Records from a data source

━━━━━━━━━━━━━━━━━━━━━━━━━━━━━━

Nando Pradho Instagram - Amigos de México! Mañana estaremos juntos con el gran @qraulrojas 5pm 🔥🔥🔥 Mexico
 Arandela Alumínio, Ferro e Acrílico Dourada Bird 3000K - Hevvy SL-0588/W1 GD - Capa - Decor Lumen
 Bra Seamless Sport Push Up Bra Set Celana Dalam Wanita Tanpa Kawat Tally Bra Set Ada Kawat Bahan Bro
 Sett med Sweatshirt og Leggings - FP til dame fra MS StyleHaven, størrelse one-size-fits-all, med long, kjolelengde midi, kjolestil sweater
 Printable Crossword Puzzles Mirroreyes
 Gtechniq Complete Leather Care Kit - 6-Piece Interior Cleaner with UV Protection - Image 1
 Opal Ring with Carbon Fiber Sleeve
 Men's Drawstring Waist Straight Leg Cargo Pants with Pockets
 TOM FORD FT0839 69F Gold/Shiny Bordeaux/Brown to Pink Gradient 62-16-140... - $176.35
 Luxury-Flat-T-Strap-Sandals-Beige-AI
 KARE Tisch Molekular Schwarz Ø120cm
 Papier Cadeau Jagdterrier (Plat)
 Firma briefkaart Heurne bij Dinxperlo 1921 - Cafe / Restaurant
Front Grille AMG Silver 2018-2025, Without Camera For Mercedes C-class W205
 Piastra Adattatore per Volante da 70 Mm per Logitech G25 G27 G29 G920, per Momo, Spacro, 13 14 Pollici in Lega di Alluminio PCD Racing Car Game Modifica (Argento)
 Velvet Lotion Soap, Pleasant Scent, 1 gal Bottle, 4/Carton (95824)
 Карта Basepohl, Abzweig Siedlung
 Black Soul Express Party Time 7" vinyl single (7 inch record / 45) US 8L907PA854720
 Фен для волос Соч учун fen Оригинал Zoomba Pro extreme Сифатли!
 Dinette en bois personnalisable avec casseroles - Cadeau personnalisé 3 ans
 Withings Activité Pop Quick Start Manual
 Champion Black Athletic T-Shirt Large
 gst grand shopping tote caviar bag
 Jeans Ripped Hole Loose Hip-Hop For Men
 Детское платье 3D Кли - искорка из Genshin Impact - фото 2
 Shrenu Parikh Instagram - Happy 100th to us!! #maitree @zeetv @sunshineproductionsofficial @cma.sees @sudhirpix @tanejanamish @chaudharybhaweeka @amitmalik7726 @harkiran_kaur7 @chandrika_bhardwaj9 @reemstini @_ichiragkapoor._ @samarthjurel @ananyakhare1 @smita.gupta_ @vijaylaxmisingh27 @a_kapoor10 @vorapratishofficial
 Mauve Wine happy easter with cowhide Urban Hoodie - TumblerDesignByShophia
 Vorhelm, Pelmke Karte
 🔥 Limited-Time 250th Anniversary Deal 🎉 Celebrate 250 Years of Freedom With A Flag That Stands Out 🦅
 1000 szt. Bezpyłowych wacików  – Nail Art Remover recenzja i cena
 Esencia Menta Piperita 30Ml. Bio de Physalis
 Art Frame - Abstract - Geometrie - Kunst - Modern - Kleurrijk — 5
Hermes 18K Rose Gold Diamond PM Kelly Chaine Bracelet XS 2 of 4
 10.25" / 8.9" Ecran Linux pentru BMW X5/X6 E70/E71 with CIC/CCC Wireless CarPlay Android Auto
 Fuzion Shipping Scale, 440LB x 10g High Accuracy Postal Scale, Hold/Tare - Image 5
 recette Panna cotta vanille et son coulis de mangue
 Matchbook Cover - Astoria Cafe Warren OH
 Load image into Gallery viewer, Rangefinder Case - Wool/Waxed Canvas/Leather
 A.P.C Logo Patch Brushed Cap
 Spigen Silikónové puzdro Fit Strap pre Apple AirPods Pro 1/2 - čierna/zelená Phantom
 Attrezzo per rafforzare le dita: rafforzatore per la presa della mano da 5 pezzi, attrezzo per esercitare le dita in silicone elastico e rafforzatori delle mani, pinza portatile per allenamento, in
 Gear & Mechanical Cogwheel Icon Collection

━━━━━━━━━━━━━━━━━━━━━━━━━━━━━━

Action item:
Among the entries, copy every line containing the word "Instagram".

Task response:
Nando Pradho Instagram - Amigos de México! Mañana estaremos juntos con el gran @qraulrojas 5pm 🔥🔥🔥 Mexico
 Shrenu Parikh Instagram - Happy 100th to us!! #maitree @zeetv @sunshineproductionsofficial @cma.sees @sudhirpix @tanejanamish @chaudharybhaweeka @amitmalik7726 @harkiran_kaur7 @chandrika_bhardwaj9 @reemstini @_ichiragkapoor._ @samarthjurel @ananyakhare1 @smita.gupta_ @vijaylaxmisingh27 @a_kapoor10 @vorapratishofficial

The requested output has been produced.